Kamis, 19 November 2015

Mengarsipkan Kisah


Di masa kini, sepertinya kurang sreg jika setiap momen yang dialami tidak direkam dalam bentuk visual. Bisa dalam bentuk video maupun foto. Dengan kemajuan teknologi, sepertinya pengarsipan kisah bukan hal yang sulit. Terlebih, smartphone sudah seperti barang kebutuhan primer. Setiap orang lazim memilikinya. Semua aktivitas pun dengan mudah direkam menggunakan perangkat serba bisa itu.

Pengarsipan kisah sekarang tentu tak sebaik dulu, waktu zaman kamera analog yang masih menggunakan klise. Keadaan itu tentu saja membatasi keleluasaan dalam mengambil sebanyak mungkin gambar dalam sebuah momen. Tapi kini, setelah terciptanya perangkat yang dapat merekam momen dalam bentuk digital, orang-orang pun bisa mengarsipkan momennya dalam banyak rangkap. Hasil jepretan lalu dipilah-pilah untuk dihapus atau diarsipkan dalam memori perangkat penyimpanan. Suatu saat, semuanya dapat dibuka kembali. Sangat praktis.

Alat pengarsipan kisah ternyata membawa perubahan, pada bagaimana cara orang mengabadikan kenangannya. Jika dahulu kisah hanya disimpan di memori otak (baca: ingatan), sekarang orang bisa mengarsipkannya dalam perangkat memori lain. Tapi masalahnya, penghayatan seseorang terhadap momen yang dialaminya menjadi dangkal. 

Saat sebelum adanya teknologi pengarsipan kisah, orang-orang tentu cenderung memerhatikan detail terkait momen yang ia alami. Penuh penghayatan. Itu agar momen tersebut tergambar secara baik di ingatannya, baik untuk sekadar dikenang atau diceritakan kepada orang lain nantinya. Tapi sekarang persoalan penting itu diabaikan. Orang lebih sibuk berpose sana-sini daripada meresapi suasana momennya.

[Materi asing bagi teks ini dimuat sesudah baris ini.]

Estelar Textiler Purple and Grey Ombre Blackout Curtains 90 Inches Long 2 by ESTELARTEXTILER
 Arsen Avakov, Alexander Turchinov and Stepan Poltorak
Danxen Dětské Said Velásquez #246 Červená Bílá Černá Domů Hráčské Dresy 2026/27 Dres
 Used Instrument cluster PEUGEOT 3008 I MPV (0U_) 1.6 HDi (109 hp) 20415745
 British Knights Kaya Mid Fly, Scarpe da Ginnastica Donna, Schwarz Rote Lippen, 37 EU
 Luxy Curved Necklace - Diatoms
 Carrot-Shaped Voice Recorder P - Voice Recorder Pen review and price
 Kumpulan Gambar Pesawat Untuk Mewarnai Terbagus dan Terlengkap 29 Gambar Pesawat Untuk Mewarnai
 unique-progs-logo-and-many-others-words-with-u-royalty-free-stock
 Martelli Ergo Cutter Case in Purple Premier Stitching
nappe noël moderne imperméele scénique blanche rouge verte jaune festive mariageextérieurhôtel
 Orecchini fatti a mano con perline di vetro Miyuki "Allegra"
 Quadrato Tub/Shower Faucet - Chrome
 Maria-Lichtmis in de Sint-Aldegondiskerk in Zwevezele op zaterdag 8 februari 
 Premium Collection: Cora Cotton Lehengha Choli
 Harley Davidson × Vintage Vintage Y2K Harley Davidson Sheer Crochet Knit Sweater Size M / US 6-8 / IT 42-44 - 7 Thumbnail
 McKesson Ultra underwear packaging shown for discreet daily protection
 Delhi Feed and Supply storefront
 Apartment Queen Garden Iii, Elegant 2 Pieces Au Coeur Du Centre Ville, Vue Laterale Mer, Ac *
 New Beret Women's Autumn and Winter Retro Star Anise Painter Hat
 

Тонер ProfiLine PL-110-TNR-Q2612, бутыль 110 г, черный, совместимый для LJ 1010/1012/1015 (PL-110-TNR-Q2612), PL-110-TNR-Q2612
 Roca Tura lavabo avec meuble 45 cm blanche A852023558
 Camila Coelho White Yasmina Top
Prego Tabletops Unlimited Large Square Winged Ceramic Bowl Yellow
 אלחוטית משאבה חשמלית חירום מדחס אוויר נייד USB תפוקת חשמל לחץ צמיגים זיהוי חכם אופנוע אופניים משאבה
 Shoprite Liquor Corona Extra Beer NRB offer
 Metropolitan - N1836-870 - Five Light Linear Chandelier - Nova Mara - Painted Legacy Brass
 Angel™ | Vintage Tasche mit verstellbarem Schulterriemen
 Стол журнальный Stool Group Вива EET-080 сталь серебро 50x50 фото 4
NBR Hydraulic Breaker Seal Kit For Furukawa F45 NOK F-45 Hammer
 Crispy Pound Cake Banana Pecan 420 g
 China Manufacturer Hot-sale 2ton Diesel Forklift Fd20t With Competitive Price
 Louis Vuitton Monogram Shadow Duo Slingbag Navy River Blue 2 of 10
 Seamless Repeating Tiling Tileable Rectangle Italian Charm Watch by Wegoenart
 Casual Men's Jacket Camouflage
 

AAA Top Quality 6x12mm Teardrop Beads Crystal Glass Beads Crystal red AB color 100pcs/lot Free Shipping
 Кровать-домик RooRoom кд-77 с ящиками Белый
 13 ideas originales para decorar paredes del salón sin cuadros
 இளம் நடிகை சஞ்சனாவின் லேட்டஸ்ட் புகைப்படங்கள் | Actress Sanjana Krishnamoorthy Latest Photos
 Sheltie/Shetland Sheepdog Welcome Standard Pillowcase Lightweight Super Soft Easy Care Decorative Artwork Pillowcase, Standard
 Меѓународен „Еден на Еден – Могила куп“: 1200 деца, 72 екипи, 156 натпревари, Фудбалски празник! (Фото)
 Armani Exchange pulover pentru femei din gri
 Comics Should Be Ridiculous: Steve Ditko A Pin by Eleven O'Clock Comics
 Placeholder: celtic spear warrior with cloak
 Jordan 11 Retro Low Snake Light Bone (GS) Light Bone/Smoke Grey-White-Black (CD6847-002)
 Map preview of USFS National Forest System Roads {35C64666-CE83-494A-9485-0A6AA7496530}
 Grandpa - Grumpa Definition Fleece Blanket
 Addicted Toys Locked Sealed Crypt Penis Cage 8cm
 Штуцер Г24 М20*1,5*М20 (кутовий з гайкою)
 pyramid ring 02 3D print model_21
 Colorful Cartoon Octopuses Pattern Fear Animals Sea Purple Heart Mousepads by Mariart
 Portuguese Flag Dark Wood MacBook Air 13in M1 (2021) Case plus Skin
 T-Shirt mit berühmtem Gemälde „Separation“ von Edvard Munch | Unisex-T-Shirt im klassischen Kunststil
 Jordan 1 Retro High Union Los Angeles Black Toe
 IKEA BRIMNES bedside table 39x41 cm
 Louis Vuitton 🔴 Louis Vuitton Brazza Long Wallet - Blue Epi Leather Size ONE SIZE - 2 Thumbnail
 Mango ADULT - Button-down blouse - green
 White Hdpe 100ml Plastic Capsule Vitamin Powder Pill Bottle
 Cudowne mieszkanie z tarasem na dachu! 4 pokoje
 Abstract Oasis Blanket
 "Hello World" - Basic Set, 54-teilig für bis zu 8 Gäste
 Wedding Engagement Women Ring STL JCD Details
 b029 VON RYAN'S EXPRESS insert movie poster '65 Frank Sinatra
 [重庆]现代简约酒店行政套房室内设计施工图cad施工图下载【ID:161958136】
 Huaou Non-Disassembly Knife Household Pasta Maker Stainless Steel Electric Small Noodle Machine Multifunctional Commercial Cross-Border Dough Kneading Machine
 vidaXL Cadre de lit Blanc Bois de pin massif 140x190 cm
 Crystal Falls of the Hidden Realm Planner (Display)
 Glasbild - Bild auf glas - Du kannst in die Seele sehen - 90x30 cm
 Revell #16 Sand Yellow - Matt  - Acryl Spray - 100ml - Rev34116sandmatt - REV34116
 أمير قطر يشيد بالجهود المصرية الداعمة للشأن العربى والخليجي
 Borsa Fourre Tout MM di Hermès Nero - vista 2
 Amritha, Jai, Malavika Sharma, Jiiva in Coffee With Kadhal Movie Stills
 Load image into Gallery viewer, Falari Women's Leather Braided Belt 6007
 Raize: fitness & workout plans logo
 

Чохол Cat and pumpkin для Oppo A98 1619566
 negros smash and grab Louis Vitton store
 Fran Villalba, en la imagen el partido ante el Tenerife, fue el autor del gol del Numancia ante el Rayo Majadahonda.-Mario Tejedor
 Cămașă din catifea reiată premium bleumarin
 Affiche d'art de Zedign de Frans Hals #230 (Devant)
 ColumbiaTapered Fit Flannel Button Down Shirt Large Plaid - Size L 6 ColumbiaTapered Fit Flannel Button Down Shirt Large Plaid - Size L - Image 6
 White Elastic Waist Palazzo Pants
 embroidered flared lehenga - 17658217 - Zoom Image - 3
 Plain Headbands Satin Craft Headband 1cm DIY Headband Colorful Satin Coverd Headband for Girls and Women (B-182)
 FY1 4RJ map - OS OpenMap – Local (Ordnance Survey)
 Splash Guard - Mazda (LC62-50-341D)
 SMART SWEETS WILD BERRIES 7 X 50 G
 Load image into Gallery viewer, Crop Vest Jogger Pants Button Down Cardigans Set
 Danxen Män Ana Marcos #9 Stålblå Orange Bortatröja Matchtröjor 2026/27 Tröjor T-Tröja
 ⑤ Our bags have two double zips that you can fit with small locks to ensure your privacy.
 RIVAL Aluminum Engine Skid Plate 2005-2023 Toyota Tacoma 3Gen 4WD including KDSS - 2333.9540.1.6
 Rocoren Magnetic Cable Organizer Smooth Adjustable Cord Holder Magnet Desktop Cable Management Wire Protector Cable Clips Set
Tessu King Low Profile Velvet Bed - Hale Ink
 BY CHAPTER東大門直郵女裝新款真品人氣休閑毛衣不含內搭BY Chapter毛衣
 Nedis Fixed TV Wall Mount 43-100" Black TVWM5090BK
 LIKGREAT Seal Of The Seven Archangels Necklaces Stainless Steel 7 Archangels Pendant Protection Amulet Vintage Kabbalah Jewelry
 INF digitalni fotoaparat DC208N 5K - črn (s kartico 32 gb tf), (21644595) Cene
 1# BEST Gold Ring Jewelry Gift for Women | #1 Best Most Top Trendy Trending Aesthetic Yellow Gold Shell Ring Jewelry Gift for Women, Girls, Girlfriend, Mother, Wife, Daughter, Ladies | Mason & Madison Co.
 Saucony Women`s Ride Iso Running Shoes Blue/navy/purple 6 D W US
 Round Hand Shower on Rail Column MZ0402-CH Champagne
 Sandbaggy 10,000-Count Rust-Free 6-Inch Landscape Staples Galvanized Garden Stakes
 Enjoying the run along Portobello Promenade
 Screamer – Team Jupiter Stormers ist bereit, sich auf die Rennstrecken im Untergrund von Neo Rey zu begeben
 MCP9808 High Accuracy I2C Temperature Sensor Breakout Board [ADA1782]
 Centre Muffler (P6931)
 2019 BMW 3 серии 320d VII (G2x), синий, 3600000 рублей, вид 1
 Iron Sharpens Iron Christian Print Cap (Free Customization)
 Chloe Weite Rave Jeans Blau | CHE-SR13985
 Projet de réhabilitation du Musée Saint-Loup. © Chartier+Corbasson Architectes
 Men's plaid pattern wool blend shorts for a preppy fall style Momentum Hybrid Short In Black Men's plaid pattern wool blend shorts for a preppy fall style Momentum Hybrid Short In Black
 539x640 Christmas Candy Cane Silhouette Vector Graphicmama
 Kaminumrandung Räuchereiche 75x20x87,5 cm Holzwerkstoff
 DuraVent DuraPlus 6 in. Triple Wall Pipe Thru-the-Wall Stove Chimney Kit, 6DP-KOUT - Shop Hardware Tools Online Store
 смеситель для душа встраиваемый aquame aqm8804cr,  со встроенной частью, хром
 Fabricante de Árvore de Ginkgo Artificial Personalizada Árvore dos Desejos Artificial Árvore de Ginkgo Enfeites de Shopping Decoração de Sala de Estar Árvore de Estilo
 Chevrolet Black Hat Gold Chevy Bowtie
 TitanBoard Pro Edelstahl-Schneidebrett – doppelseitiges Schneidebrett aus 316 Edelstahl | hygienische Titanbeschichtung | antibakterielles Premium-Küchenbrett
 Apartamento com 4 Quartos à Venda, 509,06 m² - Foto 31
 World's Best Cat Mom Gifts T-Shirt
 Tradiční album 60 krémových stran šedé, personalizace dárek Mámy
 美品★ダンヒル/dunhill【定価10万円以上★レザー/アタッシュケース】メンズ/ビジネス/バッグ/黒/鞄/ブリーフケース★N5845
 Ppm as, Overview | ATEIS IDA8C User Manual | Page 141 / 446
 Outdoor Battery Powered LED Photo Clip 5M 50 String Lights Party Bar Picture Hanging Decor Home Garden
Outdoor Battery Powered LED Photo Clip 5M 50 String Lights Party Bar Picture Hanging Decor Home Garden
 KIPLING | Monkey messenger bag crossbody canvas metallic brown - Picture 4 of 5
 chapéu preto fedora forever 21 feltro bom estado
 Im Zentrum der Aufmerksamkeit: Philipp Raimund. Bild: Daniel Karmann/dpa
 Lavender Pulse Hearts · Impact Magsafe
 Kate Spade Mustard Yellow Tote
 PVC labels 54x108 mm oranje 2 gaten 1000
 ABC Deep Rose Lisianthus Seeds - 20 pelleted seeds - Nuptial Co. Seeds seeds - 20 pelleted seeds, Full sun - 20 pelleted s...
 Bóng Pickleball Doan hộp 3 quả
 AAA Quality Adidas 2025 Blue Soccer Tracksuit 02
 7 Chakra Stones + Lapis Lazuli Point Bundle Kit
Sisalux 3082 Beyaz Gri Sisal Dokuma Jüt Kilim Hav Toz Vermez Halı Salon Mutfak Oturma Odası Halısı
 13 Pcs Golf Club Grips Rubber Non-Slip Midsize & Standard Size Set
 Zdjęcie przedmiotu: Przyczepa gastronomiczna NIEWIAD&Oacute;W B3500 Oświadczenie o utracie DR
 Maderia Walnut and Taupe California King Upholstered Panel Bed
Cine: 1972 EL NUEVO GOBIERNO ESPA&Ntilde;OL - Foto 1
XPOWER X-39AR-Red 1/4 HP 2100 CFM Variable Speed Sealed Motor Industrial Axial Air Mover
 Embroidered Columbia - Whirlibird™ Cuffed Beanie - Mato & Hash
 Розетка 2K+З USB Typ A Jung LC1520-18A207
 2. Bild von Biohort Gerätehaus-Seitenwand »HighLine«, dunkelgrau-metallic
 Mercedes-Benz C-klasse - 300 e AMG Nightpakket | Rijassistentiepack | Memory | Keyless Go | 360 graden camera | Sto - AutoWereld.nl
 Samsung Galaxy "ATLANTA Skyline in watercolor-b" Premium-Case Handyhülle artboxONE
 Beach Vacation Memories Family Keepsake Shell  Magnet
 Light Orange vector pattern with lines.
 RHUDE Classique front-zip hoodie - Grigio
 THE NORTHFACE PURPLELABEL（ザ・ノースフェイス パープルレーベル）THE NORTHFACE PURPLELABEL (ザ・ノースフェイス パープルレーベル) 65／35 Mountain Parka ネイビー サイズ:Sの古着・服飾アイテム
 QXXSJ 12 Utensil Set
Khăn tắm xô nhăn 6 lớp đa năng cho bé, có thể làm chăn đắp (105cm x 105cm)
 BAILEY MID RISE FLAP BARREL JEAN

Sekarang, orang-orang cenderung mengejar bukti pengarsipan kisah, tapi mengabaikan makna kisahnya. Orang tak lagi menghayati proses perjalanan yang ia lalui. Yang penting adalah memiliki bukti bahwa ia pernah melalui sebuah perjalanan. Semuanya demi memenuhi hasrat pamer. Tidak mengherankan jika banyak terjadi, orang-orang begitu heboh jika nampak di sebuah foto, padahal kenyataannya mereka senyap-senyap saja. Kisah-kisah pun berlalu tanpa menyisakan kesan mendalam.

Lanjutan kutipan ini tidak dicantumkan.